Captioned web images
↓
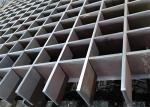 Low Carbon Steel Bar Grating Heavy Duty Non Silp Easy Install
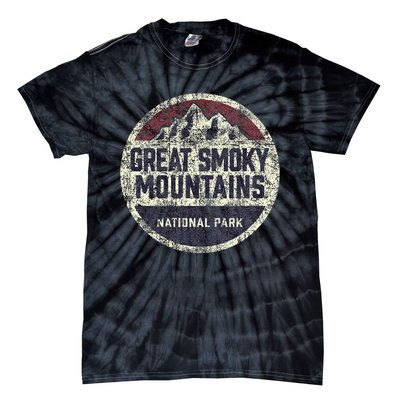 Great Smoky Mountains National Park Tie-Dye T-Shirt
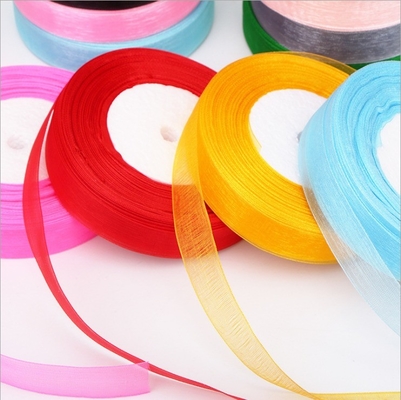 OEM Silk Ribbon Wedding Custom Ribbons 100% Polyester
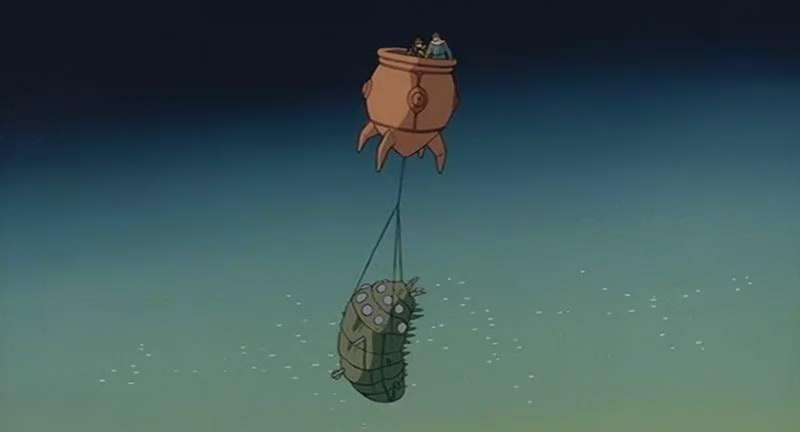 宫崎骏动画中的飞行器有哪些在现实中有原型? - 知乎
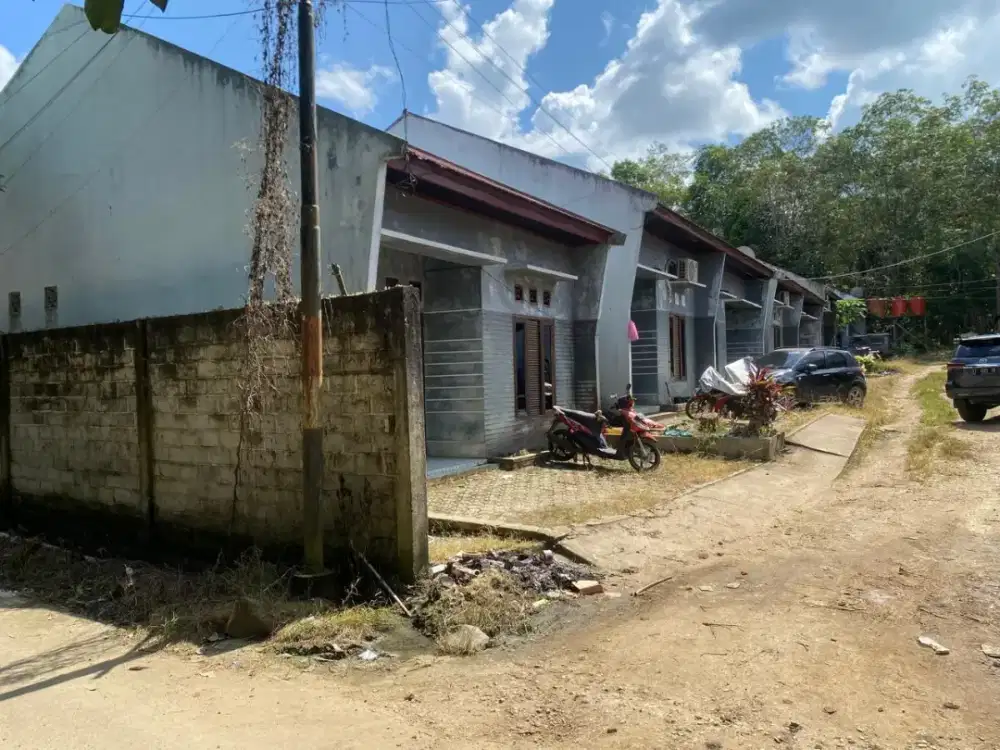 Dijual 9 Rumah Gandeng dalam 1 Perumahan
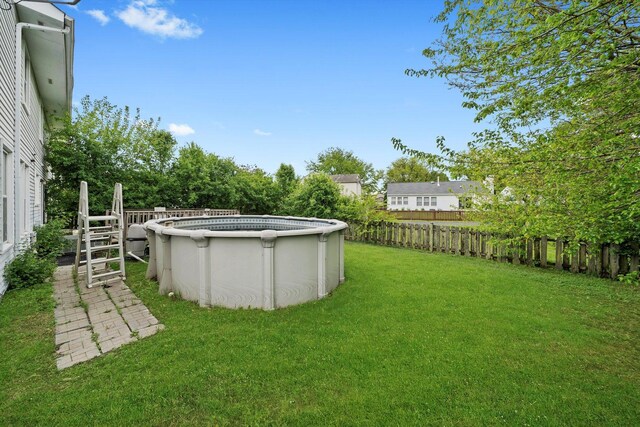 1553 Brandywyn Ct N, Buffalo Grove, IL 60089 - view of yard
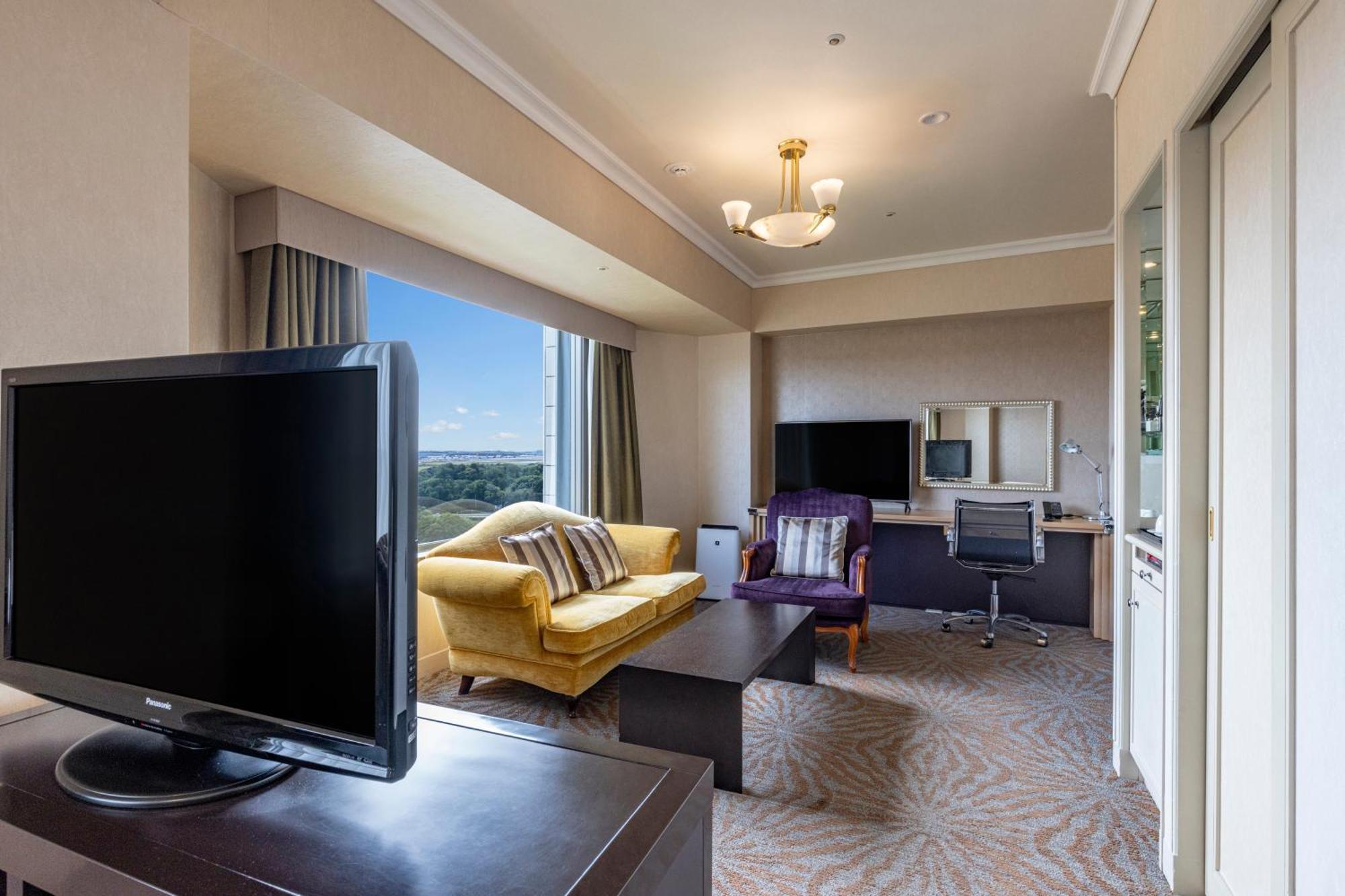 Hilton Tokyo Narita Airport Hotel Bagian luar foto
↑
Leave out the pictures and retype the rest of the entries exactly.

 Low Carbon Steel Bar Grating Heavy Duty Non Silp Easy Install
 Great Smoky Mountains National Park Tie-Dye T-Shirt
 OEM Silk Ribbon Wedding Custom Ribbons 100% Polyester
 宫崎骏动画中的飞行器有哪些在现实中有原型? - 知乎
 Dijual 9 Rumah Gandeng dalam 1 Perumahan
 1553 Brandywyn Ct N, Buffalo Grove, IL 60089 - view of yard
 Hilton Tokyo Narita Airport Hotel Bagian luar foto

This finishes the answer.